Like many others, I have been struggling with PHPExcel memory usage when reading a file (to convert it to MySQL).
Of course I have tried the usual things mentioned in various places and have been able to increase memory efficiency by at least 40%. This includes using a custom chunked reader class, moving chunked reader instantiation outside of the read loop, etc.
I have 16G of RAM on my test server and allocated a 2G max memory usage in PHP. For files under ~200K rows, PHPExcel will work (slowly but surely). Once over a certain size the script fails simply outputting "Killed" to the shell. The logs showed that the kernel killed PHP because it had used too much memory. While watching CPU and memory usage using the top command I can see memory free and swap free plummet while memory used and swap used skyrocket.
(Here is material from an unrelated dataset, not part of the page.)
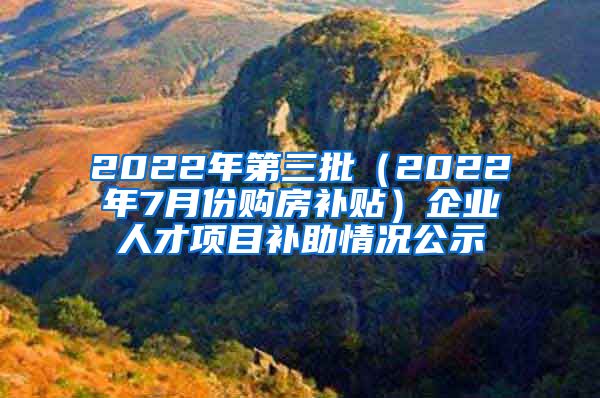 2022年第三批（2022年7月份购房补贴）企业人才项目补助情况公示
After reading a LOT about PHPExcel and looking at some of the source files I have come to the conclusion that a lot of data is stored about each cell that is not needed when processing only text. Using:
$objReader->setReadDataOnly(true);
helps a bit, but doesn't really do that much... However, using a chunked reader and setting the chunk size to something small then using unset() to clean up big variables should theoretically work. I know that PHPExcel must read the whole file each time, but it shouldn't be storing it in memory right?
Here is the code I am currently using:
<?php
date_default_timezone_set("America/New_York");
set_time_limit(7200);
ini_set('memory_limit', '2048M');
include_once("classes/PHPExcel/PHPExcel/IOFactory.php");
$inputFileName = "/PATH/TO/FILE.xlsx";
$inputFileType = PHPExcel_IOFactory::identify($inputFileName);
$worksheetName = "Sheet1";
class chunkReadFilter implements PHPExcel_Reader_IReadFilter
{
private $_startRow = 0;
private $_endRow = 0;
public function __construct($startRow, $chunkSize)
{
$this->_startRow = $startRow;
$this->_endRow = $startRow + $chunkSize;
}
public function setRows($startRow, $chunkSize)
{
$this->_startRow = $startRow;
$this->_endRow = $startRow + $chunkSize;
}
public function readCell($column, $row, $worksheetName = '')
{
if (($row == 1) || ($row >= $this->_startRow && $row < $this->_endRow))
{
return true;
}
return false;
}
}
$objReader = PHPExcel_IOFactory::createReader($inputFileType);
$objReader->setReadDataOnly(true);
$chunkSize = 1000;
echo "Got here 1\n";
$chunkFilter = new chunkReadFilter(2,$chunkSize);
for ($startRow = 2; $startRow <= 378767; $startRow += $chunkSize)
{
$chunkFilter->setRows($startRow, $chunkSize);
$objReader->setReadFilter($chunkFilter);
echo "Got here 2\n";
$objPHPExcel = $objReader->load($inputFileName);
echo "Got here 3\n";
$sheet = $objPHPExcel->getSheetByName($worksheetName);
echo "Got here 4\n";
$highestRow = $sheet->getHighestRow();
$highestColumn = $sheet->getHighestColumn();
echo "Got here 5\n";
$sheetData = $sheet->rangeToArray("A".$startRow.":".$highestColumn.$highestRow, NULL, TRUE, FALSE);
print_r($sheetData);
echo "\n\n";
}
?>
Which outputs:
[USER@BOX Directory]# php PhpExcelBigFileTest.php
Got here 1
Got here 2
Killed
This leads to the question: Is PHPExcel trying to load the whole file into memory regardless of my filter? If it is, why is PHP not stopping it at 2G memory usage, but allowing it to get so bad the kernel has to kill PHP?